Make an exact copy of the lines from the one containing "Kindermotorrad KTM 50ccm" through the end of the material, including both ends but no pictures.

THE DATA
----
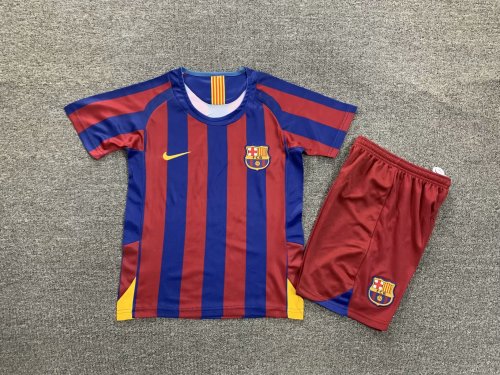 Barcelona 2005-2006 home kid retro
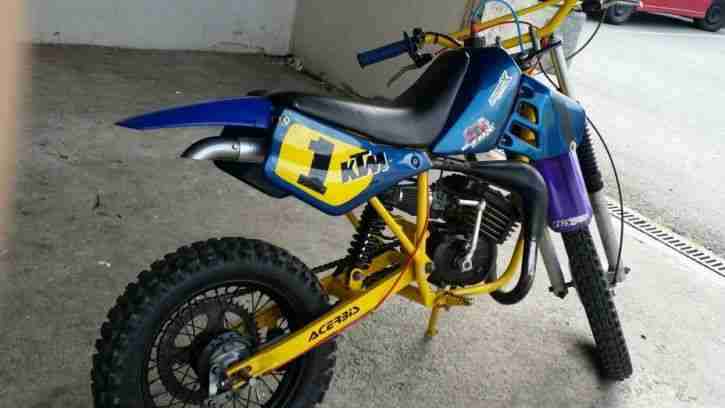 Kindermotorrad KTM 50ccm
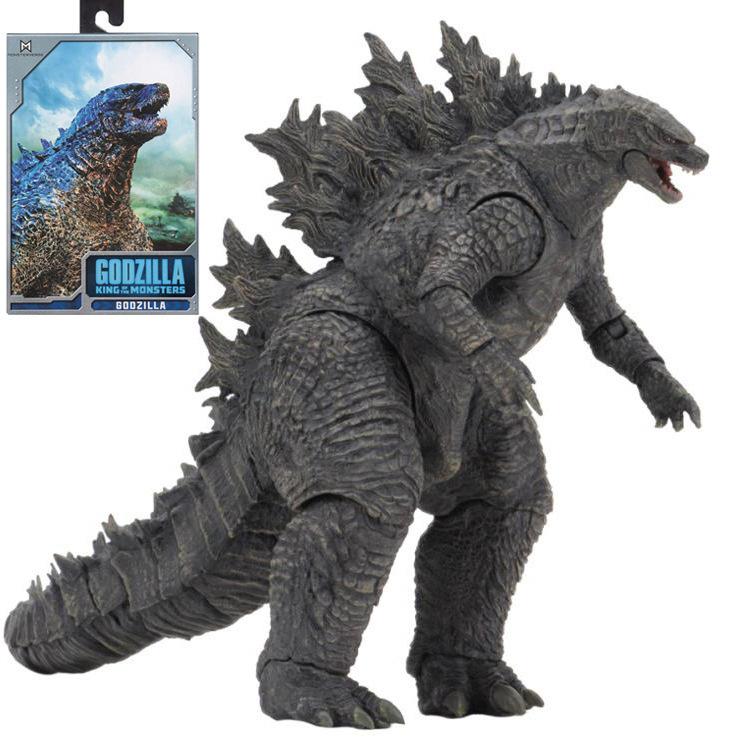 Mainan Model Buatan Tangan Sendi Alih Raja Raksasa Godzilla, - TikTok ...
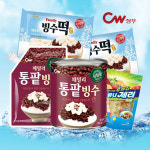청우식품 빙수떡 팥 제리 팥빙수 재료 모음 : 주전부리네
----
WRITTEN ANSWER
 Kindermotorrad KTM 50ccm
 Mainan Model Buatan Tangan Sendi Alih Raja Raksasa Godzilla, - TikTok ...
청우식품 빙수떡 팥 제리 팥빙수 재료 모음 : 주전부리네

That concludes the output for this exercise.